How to call a struct array to function?

There are two classes named employee in your code. One is in the global namespace, which is declared (not defined) in the declaration of the function readFile. The other class named employee is defined locally in the main function. These two are absolutely unrelated types.

That's why the compiler is saying that it cannot convert main()::employee* to employee*: it's trying to convert from the main-local type to the global type (and of course that's not possible).

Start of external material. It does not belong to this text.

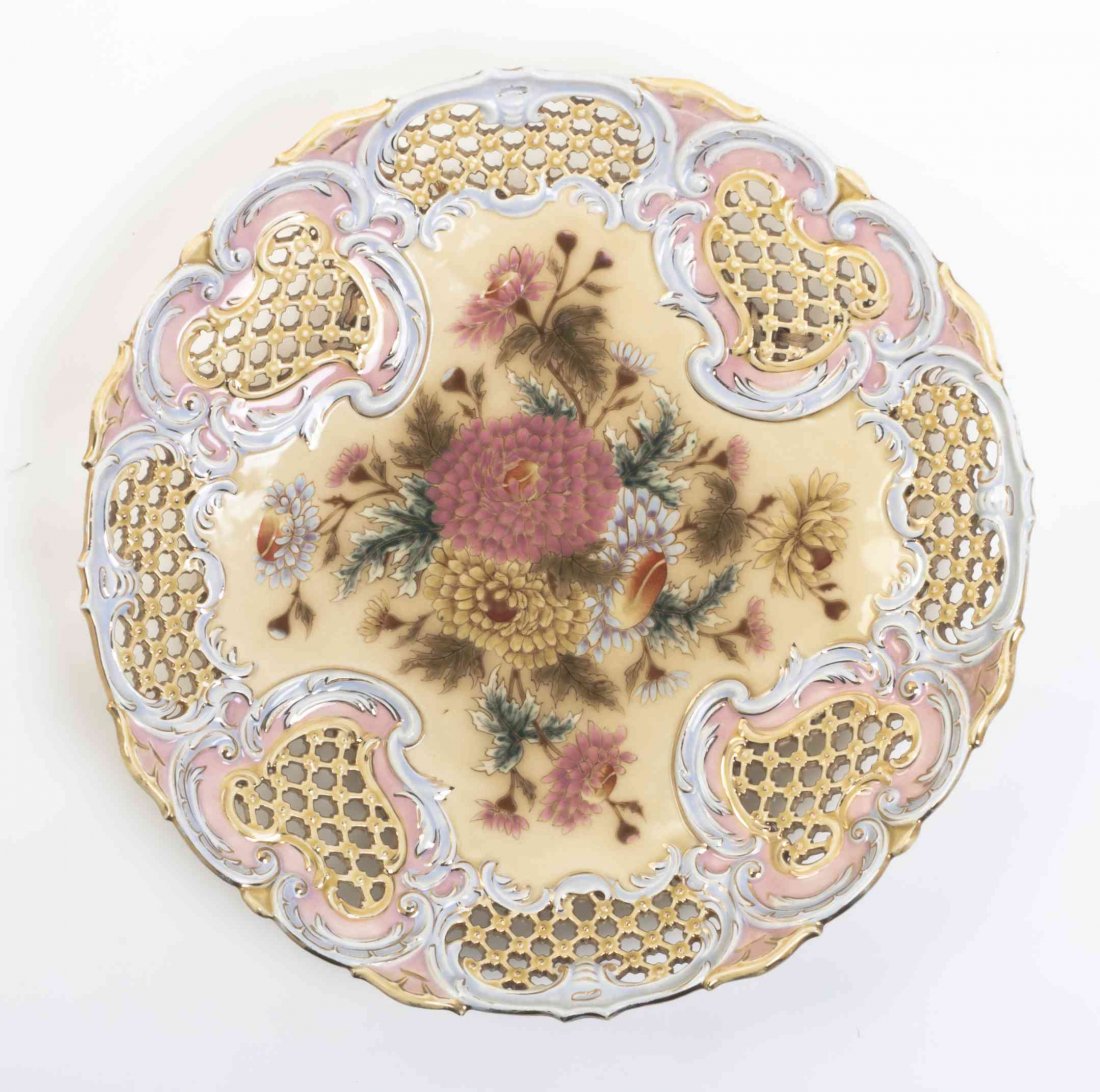 A Zsolnay Porcelain Platter, Diameter 14 7/8 inches.: A Zsolnay Porcelain Platter, of circular form having a shaped and reticulated border, centrally painted to show a floral spray. Diameter 14 7/8 inches.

What you should do is move the definition of struct employee outside main, so that main creates objects of the global type:

#include <iostream>
#include <fstream>
using namespace std;

struct employee {
    string name;
    int id;
    float salary;
} array[size];

int readFile (ifstream *inFile, employee array[]);

int main () {
    int size = 10;
    employee array[size];
    ifstream inFile;
    readFile(&inFile, array);
    return 0;
}

int readFile (ifstream *inFile, employee array[]) {
    inFile->open("pay.txt");
    if(inFile->fail()) {
        cout << "fail";
        exit(1);
    } else {
        cout << "success";
    }
    return 0;
}

Also note that in C++, it's not necessary (nor common) to write struct employee, just employee is enough (as I did in the code above). Unlike in C, there is no "tag namespace", type names use the same scoping rules as everything else.